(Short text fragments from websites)
__________________________________________________

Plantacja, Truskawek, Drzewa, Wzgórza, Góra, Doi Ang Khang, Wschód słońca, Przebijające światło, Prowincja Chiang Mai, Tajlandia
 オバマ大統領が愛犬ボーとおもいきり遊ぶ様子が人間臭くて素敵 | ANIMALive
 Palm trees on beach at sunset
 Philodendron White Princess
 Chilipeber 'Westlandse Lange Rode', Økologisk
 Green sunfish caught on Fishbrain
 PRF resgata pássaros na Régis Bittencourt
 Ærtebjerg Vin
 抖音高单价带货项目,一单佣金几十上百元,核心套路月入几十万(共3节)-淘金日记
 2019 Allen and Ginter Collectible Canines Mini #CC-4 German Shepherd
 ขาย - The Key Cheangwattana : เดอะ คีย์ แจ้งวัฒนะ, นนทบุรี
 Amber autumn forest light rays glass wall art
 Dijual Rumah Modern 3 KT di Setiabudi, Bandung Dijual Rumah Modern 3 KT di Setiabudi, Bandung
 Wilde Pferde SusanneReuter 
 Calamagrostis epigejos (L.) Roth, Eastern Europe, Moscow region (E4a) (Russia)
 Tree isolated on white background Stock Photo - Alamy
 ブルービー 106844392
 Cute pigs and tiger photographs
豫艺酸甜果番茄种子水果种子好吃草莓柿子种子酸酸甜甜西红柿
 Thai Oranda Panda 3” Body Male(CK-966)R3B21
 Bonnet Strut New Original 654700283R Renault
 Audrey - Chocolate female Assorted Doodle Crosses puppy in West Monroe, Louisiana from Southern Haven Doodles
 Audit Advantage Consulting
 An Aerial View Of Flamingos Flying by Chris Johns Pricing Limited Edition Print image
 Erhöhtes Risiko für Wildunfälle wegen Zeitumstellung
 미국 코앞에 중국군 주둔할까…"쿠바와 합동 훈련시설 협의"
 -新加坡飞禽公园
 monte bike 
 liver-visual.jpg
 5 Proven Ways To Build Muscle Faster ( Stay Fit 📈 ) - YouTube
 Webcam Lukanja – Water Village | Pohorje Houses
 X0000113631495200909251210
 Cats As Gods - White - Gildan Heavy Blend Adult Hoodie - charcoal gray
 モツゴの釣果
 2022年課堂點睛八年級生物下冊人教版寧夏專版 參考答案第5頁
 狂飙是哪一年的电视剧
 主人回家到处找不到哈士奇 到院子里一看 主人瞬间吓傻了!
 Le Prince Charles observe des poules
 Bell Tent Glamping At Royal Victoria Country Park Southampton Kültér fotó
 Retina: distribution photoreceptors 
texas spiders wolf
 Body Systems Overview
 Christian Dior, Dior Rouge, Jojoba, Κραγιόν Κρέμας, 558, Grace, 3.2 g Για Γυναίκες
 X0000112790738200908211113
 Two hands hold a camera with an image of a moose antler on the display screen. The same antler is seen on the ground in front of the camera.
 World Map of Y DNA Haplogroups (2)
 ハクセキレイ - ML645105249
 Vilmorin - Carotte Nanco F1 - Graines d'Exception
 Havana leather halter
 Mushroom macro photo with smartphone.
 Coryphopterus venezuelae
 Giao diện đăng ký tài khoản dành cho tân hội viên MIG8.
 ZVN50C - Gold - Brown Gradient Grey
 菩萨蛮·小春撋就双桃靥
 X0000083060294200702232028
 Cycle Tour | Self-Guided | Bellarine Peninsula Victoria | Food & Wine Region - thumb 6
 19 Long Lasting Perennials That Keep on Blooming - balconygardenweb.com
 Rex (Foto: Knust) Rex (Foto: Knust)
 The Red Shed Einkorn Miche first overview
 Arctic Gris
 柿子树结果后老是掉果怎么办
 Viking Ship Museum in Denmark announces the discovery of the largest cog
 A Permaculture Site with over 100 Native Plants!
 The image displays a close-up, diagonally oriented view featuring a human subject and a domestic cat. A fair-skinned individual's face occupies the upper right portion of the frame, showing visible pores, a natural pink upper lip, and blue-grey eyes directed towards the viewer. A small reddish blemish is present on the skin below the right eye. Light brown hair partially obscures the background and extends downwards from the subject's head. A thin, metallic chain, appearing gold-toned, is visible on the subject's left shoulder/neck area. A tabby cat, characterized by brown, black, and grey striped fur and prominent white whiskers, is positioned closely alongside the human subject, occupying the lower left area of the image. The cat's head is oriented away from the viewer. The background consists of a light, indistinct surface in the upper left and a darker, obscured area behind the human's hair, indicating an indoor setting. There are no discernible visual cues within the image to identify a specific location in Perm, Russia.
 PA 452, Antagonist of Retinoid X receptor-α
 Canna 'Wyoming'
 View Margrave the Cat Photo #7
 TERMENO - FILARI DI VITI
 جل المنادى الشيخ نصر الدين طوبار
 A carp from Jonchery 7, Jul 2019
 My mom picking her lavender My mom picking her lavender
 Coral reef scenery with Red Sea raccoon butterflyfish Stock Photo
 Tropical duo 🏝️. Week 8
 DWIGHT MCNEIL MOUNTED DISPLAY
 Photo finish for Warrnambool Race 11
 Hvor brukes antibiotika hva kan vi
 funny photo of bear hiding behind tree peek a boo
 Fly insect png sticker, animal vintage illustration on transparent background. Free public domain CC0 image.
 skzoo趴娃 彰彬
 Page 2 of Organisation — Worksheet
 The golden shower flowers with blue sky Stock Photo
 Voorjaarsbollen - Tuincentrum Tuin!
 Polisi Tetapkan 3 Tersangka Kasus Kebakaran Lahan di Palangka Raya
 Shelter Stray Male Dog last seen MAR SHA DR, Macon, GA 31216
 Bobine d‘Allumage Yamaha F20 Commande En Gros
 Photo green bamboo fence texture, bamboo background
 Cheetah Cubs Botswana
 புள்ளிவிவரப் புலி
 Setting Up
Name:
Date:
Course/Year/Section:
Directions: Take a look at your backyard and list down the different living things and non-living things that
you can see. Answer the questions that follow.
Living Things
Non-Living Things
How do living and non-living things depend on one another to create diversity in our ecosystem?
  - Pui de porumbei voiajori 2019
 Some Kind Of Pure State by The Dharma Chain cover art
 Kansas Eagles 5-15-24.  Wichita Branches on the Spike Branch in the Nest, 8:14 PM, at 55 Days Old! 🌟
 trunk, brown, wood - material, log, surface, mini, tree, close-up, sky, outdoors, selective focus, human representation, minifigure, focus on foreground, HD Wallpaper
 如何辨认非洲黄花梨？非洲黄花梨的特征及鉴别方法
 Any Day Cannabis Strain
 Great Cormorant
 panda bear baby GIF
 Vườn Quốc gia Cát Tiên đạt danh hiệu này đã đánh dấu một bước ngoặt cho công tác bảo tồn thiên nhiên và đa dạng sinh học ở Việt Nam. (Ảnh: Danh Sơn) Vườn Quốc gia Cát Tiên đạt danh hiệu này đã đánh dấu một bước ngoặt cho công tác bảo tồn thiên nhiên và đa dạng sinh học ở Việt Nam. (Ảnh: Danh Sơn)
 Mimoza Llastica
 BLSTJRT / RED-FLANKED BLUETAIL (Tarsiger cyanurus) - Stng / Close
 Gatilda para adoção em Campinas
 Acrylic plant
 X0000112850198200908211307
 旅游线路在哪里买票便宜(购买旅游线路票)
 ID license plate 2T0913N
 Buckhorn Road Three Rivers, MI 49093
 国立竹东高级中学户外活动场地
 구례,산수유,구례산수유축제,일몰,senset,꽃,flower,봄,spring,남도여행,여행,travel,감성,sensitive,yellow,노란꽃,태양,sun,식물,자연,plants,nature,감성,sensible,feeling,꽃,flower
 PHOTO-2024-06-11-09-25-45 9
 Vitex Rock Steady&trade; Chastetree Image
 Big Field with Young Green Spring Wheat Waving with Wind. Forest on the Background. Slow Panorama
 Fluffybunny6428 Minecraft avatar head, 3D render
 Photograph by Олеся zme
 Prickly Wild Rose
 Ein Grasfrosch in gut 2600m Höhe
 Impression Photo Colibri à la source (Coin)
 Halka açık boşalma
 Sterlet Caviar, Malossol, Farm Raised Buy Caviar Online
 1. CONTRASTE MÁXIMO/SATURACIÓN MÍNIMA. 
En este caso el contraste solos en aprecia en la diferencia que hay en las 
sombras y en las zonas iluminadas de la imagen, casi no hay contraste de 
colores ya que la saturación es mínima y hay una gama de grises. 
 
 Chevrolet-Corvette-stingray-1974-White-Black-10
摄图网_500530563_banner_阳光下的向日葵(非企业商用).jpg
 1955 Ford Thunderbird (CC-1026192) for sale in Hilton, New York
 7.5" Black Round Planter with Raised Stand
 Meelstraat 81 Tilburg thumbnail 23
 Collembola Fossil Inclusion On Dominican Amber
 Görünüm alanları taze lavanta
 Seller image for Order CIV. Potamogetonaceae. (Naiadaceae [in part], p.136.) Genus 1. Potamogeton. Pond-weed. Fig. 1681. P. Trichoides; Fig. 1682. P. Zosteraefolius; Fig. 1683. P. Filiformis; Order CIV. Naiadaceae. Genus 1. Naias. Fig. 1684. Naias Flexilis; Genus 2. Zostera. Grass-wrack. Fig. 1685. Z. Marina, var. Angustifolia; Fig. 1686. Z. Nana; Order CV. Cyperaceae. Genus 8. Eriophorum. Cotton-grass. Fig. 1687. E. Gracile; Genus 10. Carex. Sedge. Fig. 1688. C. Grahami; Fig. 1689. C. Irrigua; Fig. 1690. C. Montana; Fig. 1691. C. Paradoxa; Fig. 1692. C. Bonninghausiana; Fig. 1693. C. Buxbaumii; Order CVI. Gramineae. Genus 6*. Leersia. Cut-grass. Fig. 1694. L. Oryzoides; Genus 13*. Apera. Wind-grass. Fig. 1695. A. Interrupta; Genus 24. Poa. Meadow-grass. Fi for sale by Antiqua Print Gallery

__________________________________________________

• AIM OF THE EXERCISE: The output should be exactly the lines above from the line containing "Chilipeber 'Westlandse Lange" to the line containing "2019 Allen and", inclusive, with no other lines.

• TASK RESPONSE:
 Chilipeber 'Westlandse Lange Rode', Økologisk
 Green sunfish caught on Fishbrain
 PRF resgata pássaros na Régis Bittencourt
 Ærtebjerg Vin
 抖音高单价带货项目,一单佣金几十上百元,核心套路月入几十万(共3节)-淘金日记
 2019 Allen and Ginter Collectible Canines Mini #CC-4 German Shepherd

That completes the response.